AIM OF THE TASK => Every line below between the one holding "WPUTY Hunting Flying" and the one holding "HOMCOM Set fierbător", inclusive, should be copied exactly, and no other line.

ENTRIES SHOWN =>
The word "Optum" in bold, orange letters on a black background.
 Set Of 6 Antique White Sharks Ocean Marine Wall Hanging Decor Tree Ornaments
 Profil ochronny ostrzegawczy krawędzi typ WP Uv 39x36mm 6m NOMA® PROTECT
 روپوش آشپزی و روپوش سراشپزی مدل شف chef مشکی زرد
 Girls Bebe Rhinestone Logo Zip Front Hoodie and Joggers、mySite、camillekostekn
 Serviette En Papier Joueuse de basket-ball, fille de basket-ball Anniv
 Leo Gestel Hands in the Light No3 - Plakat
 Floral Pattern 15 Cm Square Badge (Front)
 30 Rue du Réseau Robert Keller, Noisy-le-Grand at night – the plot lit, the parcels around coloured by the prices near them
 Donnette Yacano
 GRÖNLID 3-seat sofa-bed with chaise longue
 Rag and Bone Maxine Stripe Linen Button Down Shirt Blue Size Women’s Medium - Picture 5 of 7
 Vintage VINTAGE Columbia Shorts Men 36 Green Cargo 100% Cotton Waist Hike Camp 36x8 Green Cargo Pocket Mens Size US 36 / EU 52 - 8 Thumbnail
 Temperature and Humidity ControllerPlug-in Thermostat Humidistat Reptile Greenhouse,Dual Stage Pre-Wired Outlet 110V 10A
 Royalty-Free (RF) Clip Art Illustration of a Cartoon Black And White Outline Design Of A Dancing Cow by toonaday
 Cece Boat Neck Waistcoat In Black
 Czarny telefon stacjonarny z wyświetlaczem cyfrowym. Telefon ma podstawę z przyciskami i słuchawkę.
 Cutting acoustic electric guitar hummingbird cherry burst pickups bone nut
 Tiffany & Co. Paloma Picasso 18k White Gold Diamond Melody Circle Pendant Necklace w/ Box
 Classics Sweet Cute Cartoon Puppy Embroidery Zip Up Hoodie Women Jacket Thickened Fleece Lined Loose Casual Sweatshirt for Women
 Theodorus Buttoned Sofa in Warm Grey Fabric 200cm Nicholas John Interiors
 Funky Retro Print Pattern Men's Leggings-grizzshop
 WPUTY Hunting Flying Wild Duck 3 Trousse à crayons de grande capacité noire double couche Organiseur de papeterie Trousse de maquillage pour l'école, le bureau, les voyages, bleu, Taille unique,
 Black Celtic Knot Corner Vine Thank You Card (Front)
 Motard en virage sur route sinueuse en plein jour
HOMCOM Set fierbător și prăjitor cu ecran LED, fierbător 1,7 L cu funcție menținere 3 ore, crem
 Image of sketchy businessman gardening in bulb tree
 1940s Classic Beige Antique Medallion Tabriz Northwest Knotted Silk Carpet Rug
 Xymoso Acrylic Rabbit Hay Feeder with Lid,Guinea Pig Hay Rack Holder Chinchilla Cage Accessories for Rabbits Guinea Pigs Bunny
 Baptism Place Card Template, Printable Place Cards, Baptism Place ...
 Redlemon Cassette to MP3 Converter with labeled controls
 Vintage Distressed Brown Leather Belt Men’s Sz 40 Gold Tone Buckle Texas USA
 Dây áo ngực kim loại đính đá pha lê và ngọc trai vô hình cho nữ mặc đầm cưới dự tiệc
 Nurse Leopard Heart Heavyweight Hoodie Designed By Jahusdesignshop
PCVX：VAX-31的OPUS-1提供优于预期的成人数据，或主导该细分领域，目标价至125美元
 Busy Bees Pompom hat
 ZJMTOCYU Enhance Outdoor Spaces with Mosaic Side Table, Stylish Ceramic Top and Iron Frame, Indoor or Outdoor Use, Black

RESPONSE AREA =>
 WPUTY Hunting Flying Wild Duck 3 Trousse à crayons de grande capacité noire double couche Organiseur de papeterie Trousse de maquillage pour l'école, le bureau, les voyages, bleu, Taille unique,
 Black Celtic Knot Corner Vine Thank You Card (Front)
 Motard en virage sur route sinueuse en plein jour
HOMCOM Set fierbător și prăjitor cu ecran LED, fierbător 1,7 L cu funcție menținere 3 ore, crem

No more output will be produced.